Bloomberg Línea — High inflation is also hitting retirees and people’s retirement prospects, as fuel, food and housing prices are reduce purchasing power and pose difficulties for those planning for life after years of work.
European countries continue to top the ranking as the best countries in which to live for retirees, according to the latest ranking compiled by Natixis Investment Managers and CoreData Research, which for the past 10 years have compiled an annual ranking to determine the countries offer the best conditions for retirement.
The ranking takes into account government policies and state conditions for this demographic group.
The ranking does not evaluate all countries in the world, but includes advanced economies as rated by the International Monetary Fund (IMF), countries that are members of the Organization for Economic Cooperation and Development (OECD) and the BRIC countries (Brazil, Russia, India and China), making for a total of 44 countries.
Norway, Switzerland, Iceland, Ireland and Australia comprise this year’s top five.
In contrast, Chile, Colombia, Brazil and Mexico, the only Latin American countries included in the study, are among the 10 worst places to live for retirees in terms of government policies and economic conditions.
The research evaluates four areas:
- Access to quality health services
- Material means to live comfortably in retirement
- Access to quality financial services to help preserve savings and maximize income
- Quality of life, which includes indices of happiness, air quality, water and sanitation.
Each of the four factors receive a percentage score from 0 to 100%.
Of the 44 possible positions, Chile ranks 34th, Mexico 36th, Colombia 42nd and Brazil 43rd.

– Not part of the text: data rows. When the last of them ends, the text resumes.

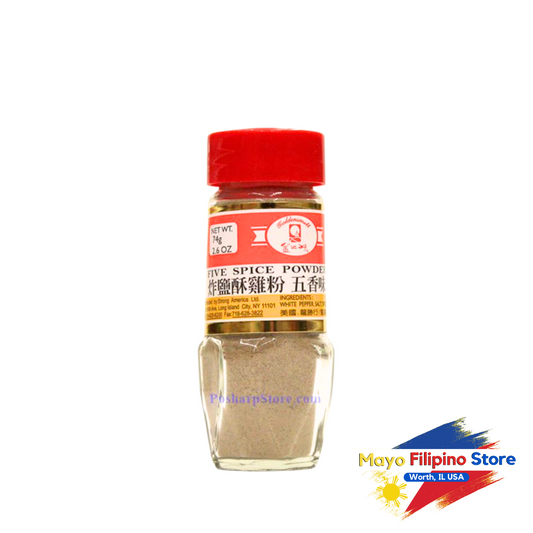 Golden Smell Powder for Fry Chicken 2.6 Oz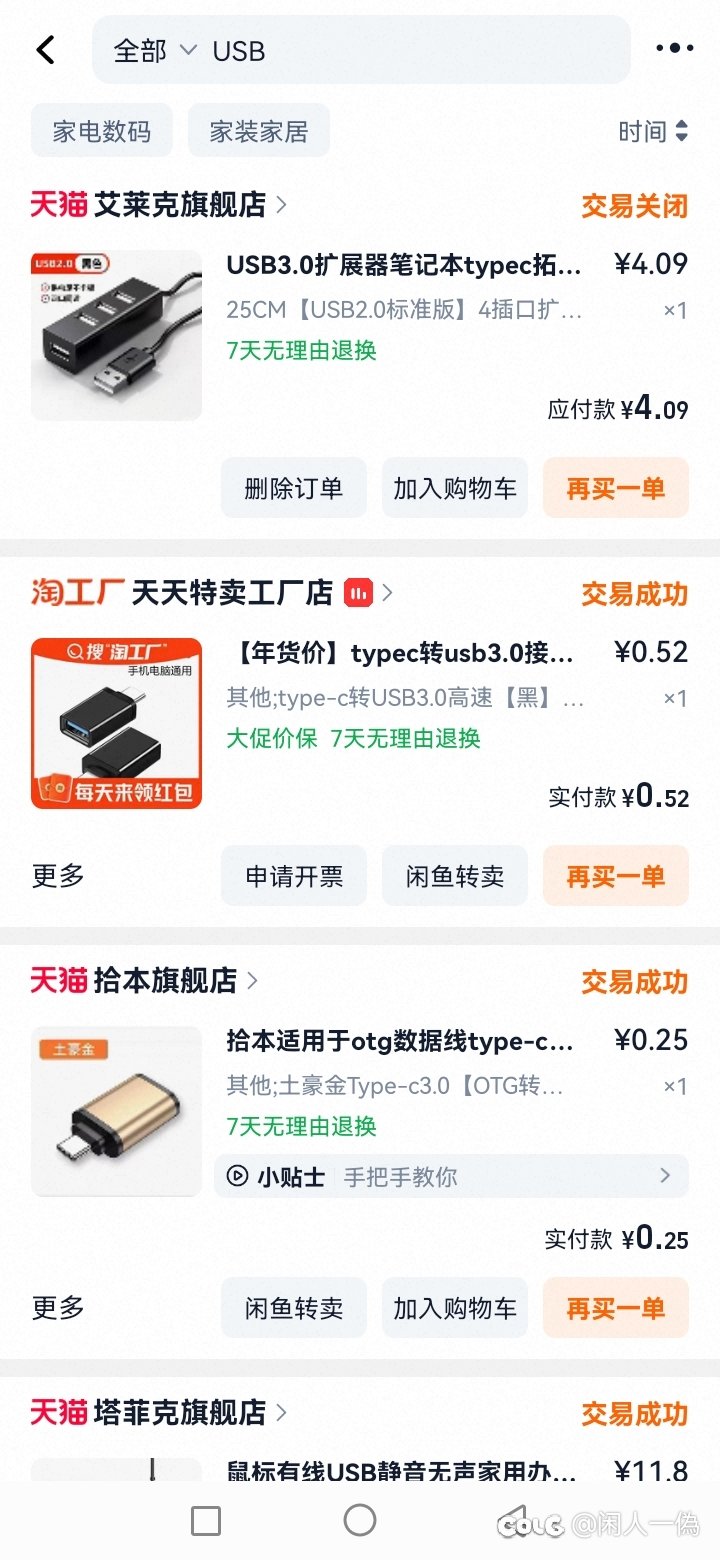 当你们还在用云游戏时我已经用上这个了3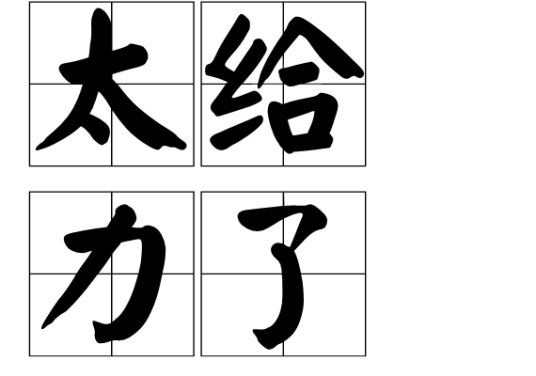太给力了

But why are these countries at the bottom of the ranking?
Among all the indicators that make up the ranking, all four countries have their lowest score in the material well-being index, with Colombia and Brazil being the worst performers in this area, with scores below 40% , with Brazil scoring just 4%.

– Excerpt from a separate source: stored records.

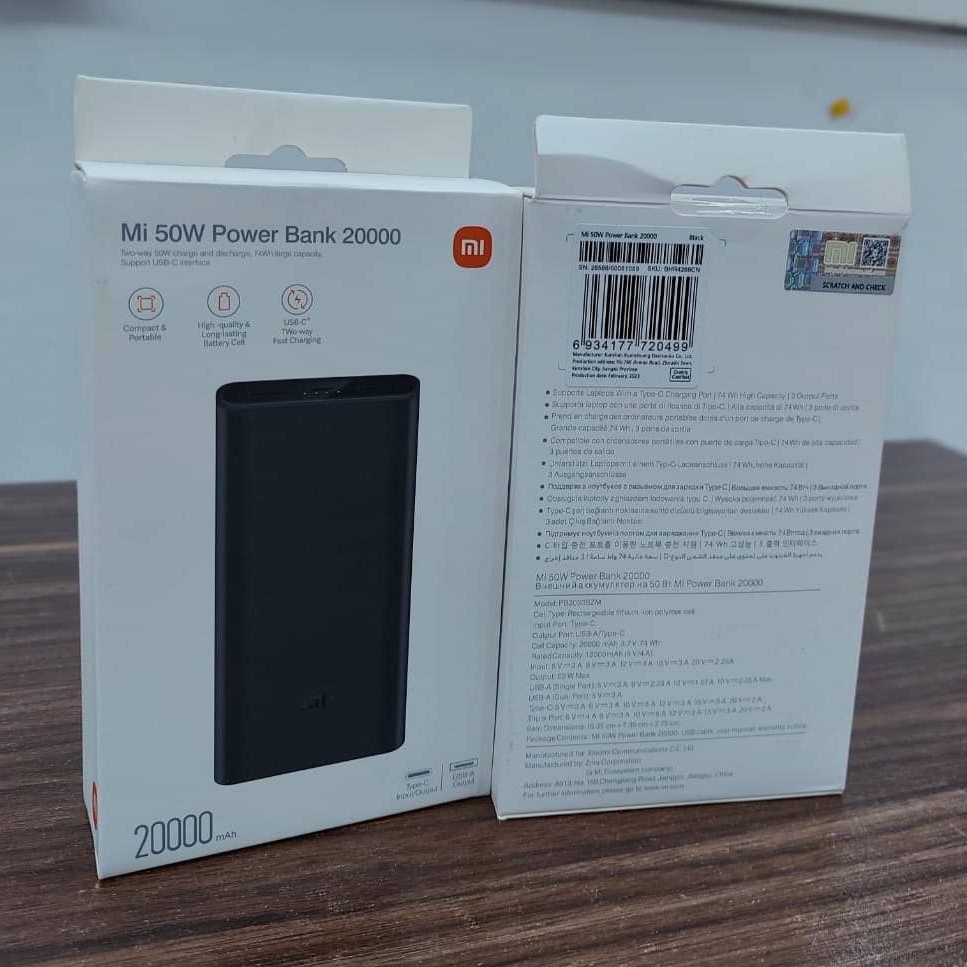 پاور بانک 20 هزار شیائومی  (هزینه ارسال پس خرید )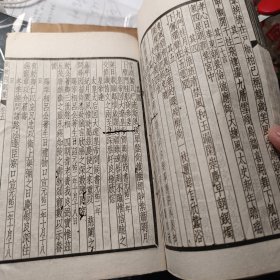 四部备要《东坡全集 内制集》卷一至卷五 存一册
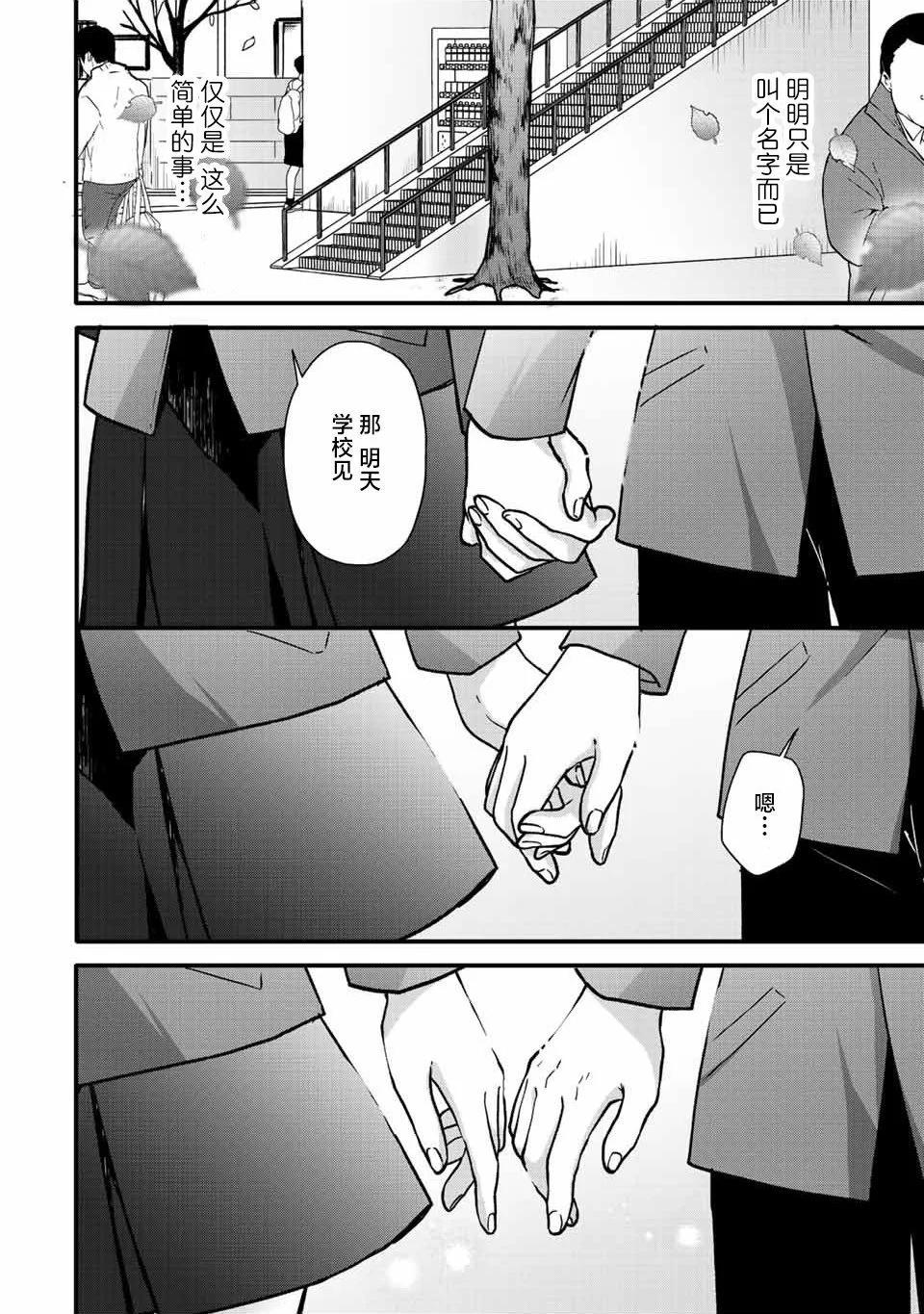 第32话8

Although some of these countries perform relatively better in other sub-indices, such as Chile, which ranks fifth in finance globally, along with Australia, this is not enough to compensate for the low scores they all have for material well-being.

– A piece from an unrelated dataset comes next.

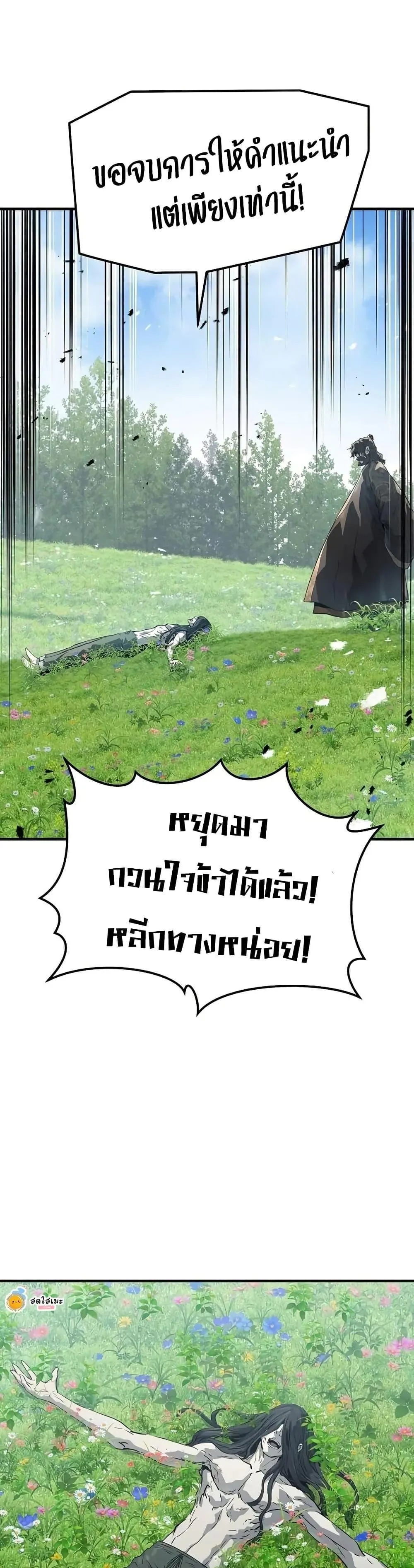 Absolute Regression ตอนที่ 62 หน้า 37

Chile and Brazil remain in the same position this year as in the 2021 ranking, while Mexico moved up one position, since last year it was in 37th place; while Colombia dropped two positions, from 40th to 44th.
For the fourth consecutive year, North America has the highest regional score, with 69%. Western Europe ranked second with an overall score of 66%, followed in third and fourth place by Eastern Europe and Central Asia (49%), followed by Latin America (37%), while the Asia-Pacific region (32%) came in last.
By indicators, Latin America ranked third in finance and quality of life, fourth in health and fifth in its weakness, material well-being.
According to the ranking, Latin America’s performance in material well-being, with a score of only 16%, is the one that significantly holds back its overall results.
According to the companies that compiled the ranking, rapidly rising costs and interest rates that, while promising for long-term asset returns, can be a short-term pain for investors, and are the factors most likely to affect retirements this year.